What to produce: Every line from the one that contains "Burberry Burberry London" to the end of the records must be restated word for word. No other line belongs in the answer.

Items from a dataset:
================
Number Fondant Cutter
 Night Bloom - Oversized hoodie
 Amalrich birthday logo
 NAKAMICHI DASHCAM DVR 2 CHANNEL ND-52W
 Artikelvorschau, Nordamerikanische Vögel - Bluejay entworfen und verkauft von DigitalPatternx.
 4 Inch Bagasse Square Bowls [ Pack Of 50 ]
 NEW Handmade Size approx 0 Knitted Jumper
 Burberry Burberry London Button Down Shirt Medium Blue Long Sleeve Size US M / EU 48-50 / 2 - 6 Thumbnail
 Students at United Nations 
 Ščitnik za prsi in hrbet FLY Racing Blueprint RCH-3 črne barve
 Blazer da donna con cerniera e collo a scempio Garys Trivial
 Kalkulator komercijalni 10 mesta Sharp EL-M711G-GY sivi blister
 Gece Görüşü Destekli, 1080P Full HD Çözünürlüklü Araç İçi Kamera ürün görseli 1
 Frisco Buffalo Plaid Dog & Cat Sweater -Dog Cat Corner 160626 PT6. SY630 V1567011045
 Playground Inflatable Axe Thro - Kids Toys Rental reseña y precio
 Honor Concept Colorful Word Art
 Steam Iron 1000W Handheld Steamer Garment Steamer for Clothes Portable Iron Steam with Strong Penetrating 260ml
================
Task result:
 Burberry Burberry London Button Down Shirt Medium Blue Long Sleeve Size US M / EU 48-50 / 2 - 6 Thumbnail
 Students at United Nations 
 Ščitnik za prsi in hrbet FLY Racing Blueprint RCH-3 črne barve
 Blazer da donna con cerniera e collo a scempio Garys Trivial
 Kalkulator komercijalni 10 mesta Sharp EL-M711G-GY sivi blister
 Gece Görüşü Destekli, 1080P Full HD Çözünürlüklü Araç İçi Kamera ürün görseli 1
 Frisco Buffalo Plaid Dog & Cat Sweater -Dog Cat Corner 160626 PT6. SY630 V1567011045
 Playground Inflatable Axe Thro - Kids Toys Rental reseña y precio
 Honor Concept Colorful Word Art
 Steam Iron 1000W Handheld Steamer Garment Steamer for Clothes Portable Iron Steam with Strong Penetrating 260ml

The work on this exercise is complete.